Being financially in sync is one of the cornerstones of a successful relationship. Along with infidelity, not being on the same page when it comes to money and finances is trouble. This is why it’s all the more worrying that a quarter of couples don’t feel comfortable talking about money with their other half.


Recent research carried out by M&S Bank polled 2,000 adults in a relationship and found just 17 per cent regularly talk about finances with their partner. Why the reticence about discussing financial matters? Common excuses include never finding a good time, feeling a little embarrassed and wondering how their other half might respond being among the reasons people avoid the subject of money in their relationships.

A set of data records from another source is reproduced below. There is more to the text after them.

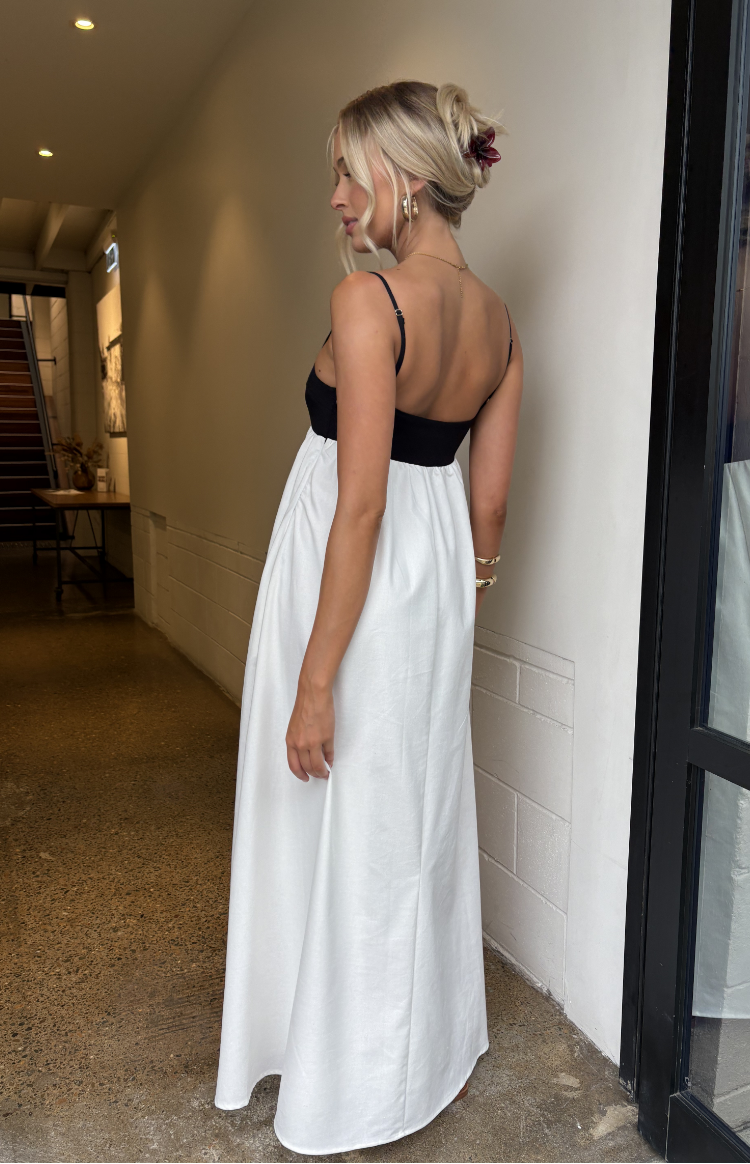 Akari White Contrast Maxi Dress - PRE ORDER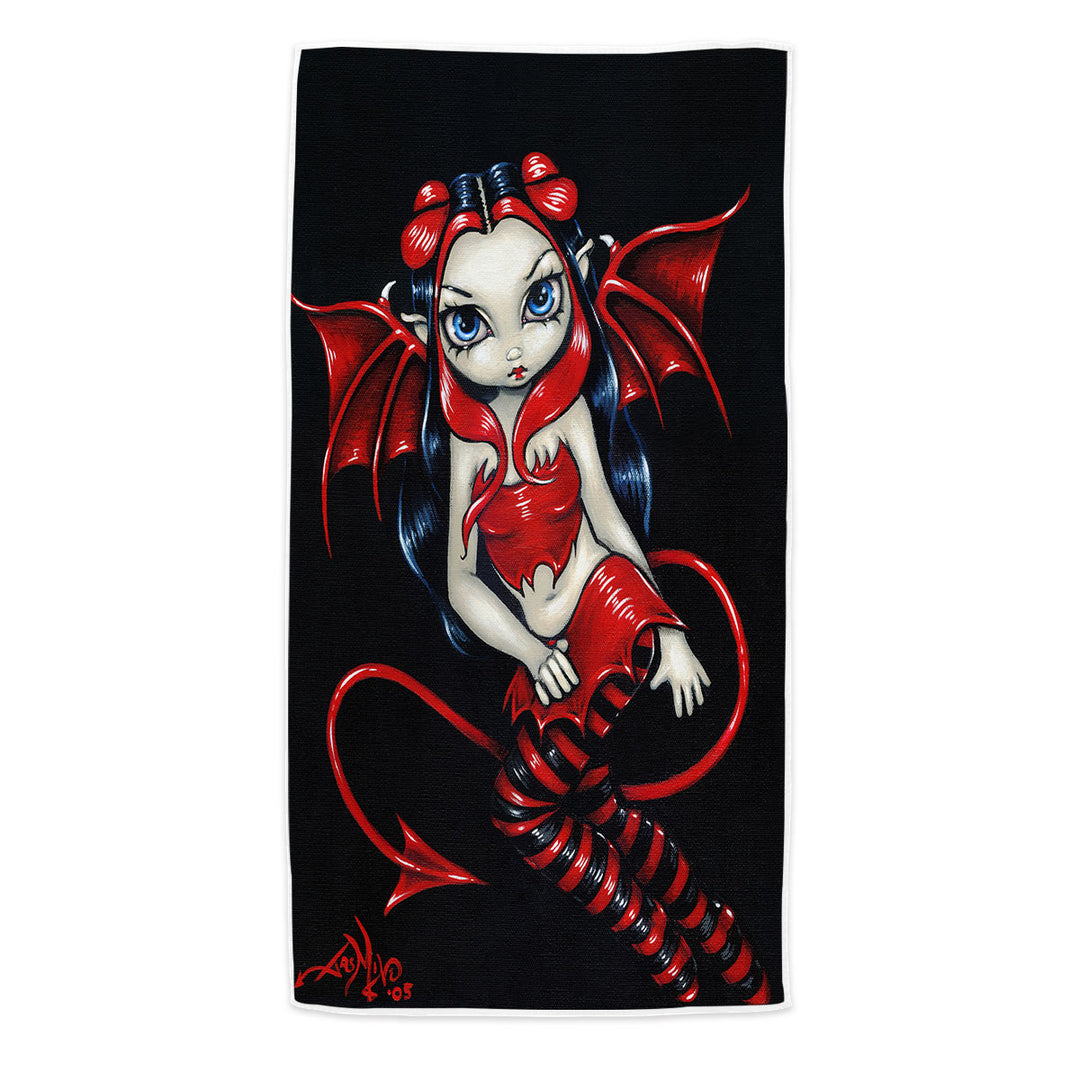 Devilish Fairy Red Winged Fairy Swims Towel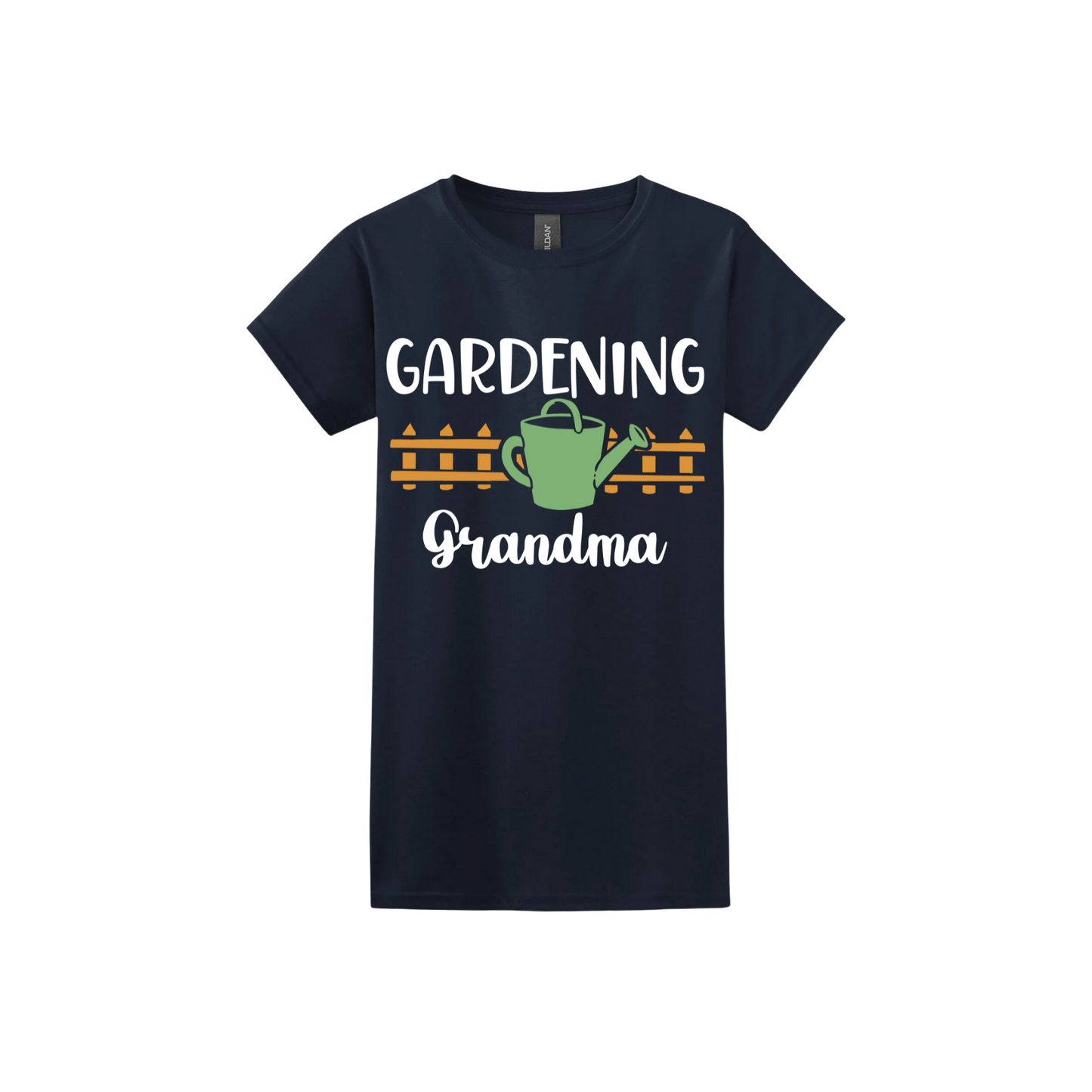 Navy womens tshirt with white text reading 'Gardening Grandma' with graphics of a picket fence and a green watering can.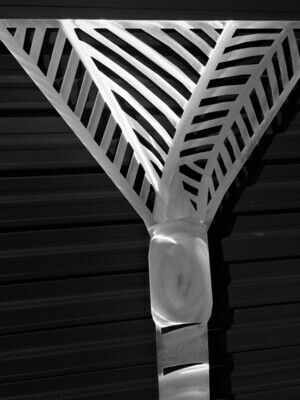 Close up of a Aluminium Nikau Palm by Grounded Art NZ catching the light and standing out against a dark cladding background.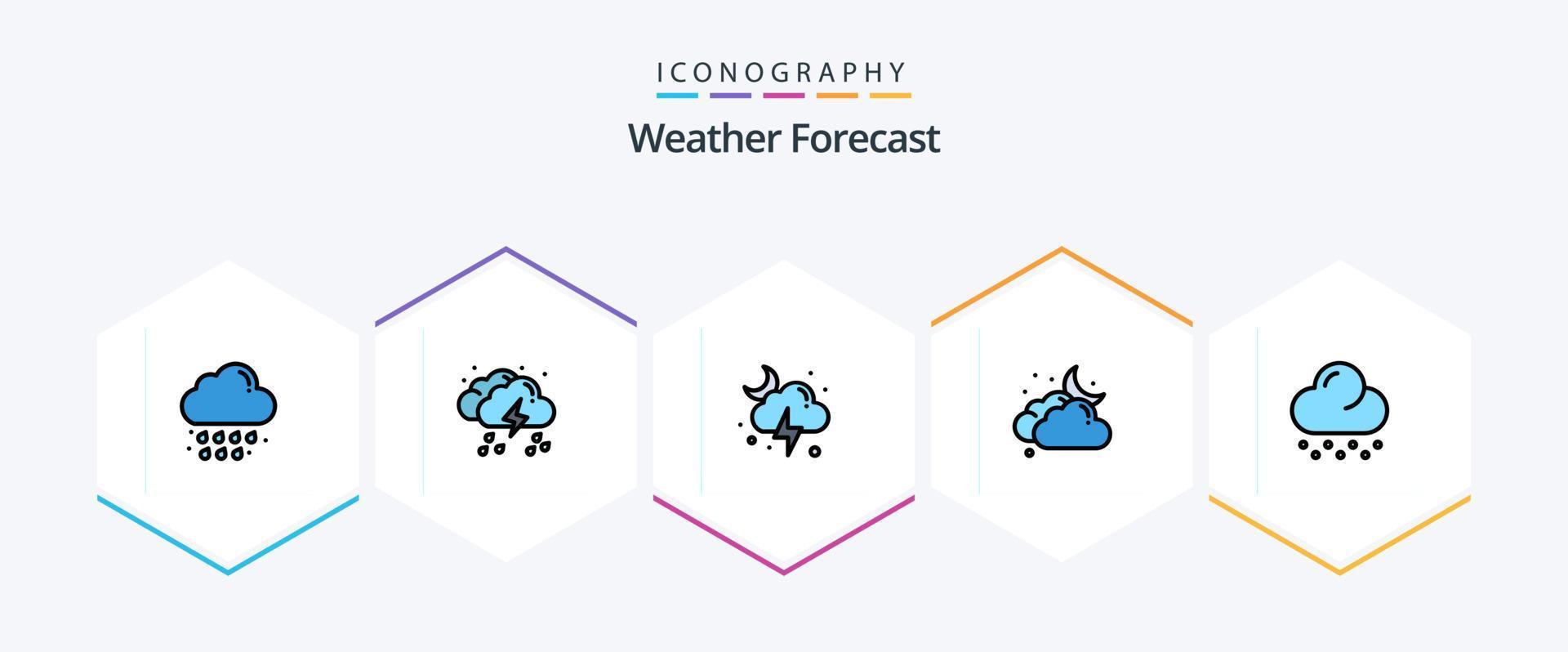 pacote de ícones de 25 linhas preenchidas para clima, incluindo nuvem. lua. luz. nublado. tempestade vetor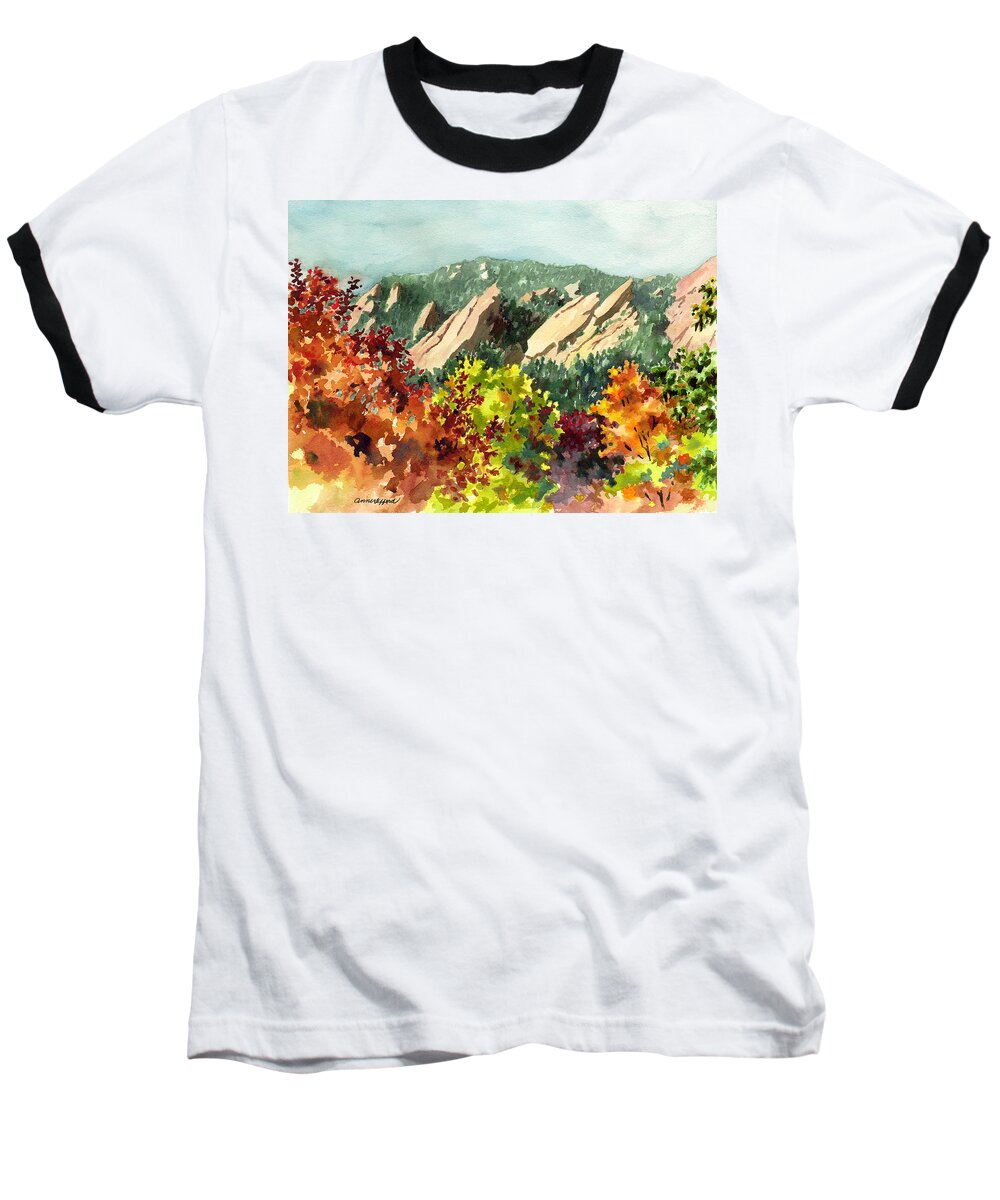 Red Leaves Art Baseball T-Shirt featuring the painting Fall Flatirons by Anne Gifford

This nervousness about discussing money is all the more strange when the study found that people will typically utter the words “I love you” a whole five months before broaching the topic of money, which they won’t talk about until at least nine months into their relationship.

“…people will typically utter the words “I love you” a whole five months before broaching the topic of money”

Looking at your relationship, how many of the following facts ring true for you? Ten percent of those questioned revealed that they haven’t shared how much they earn with their significant other, and an equal percentage don’t know what their partner earns. An additional 18 per cent are more likely to move in together before they talk about money and as many as one in 10 even expect to get married before they bring up the topic of finances with their significant other. Surely this is dangerous territory?

However, it’s not all negative. A handful of those polled – five per cent – will choose to discuss finances within less than two weeks of knowing each other. The research also revealed being good with your finances is a more attractive attribute than being a good cook and is also more appealing than being outgoing or sociable, or successful in their career. Surely a sign of the times and more progressive ways of thinking.

Having the same aspirations as your partner is crucial in a relationship and four in five agreed, saying it is important for their partner to have the same financial goals as they do.

When it comes to having a joint bank account, more than half of those who don’t currently have a joint bank account together said they would rather not open one with their significant other and a fifth said they’d prefer not to because they enjoy managing their own finances independently.

“We encourage people to talk more about money with their loved ones.”

Psychologist Emma Kenny delved into the reasons why it appears money is a taboo subject in some relationships.

She said: “It’s healthy for couples to discuss their finances and it’s important that they engage in open and honest conversations about financial goals and ambitions from the start.

“In fact, this is often the key to a successful relationship. While how much a person feels comfortable disclosing is down to the individual, we encourage people to talk more about money with their loved ones.”

For those of you who need a little help in this area, read on for some top tips on how to discuss finances with your partner.

Communicate openly, from the get-go

Great relationships are often transparent ones. When you do start to discuss your financial health – and I would argue the sooner the better – it is important that you both understand the good, the bad and the ugly regarding your financial affairs, so that you can communicate openly and work towards a common goal and help each other.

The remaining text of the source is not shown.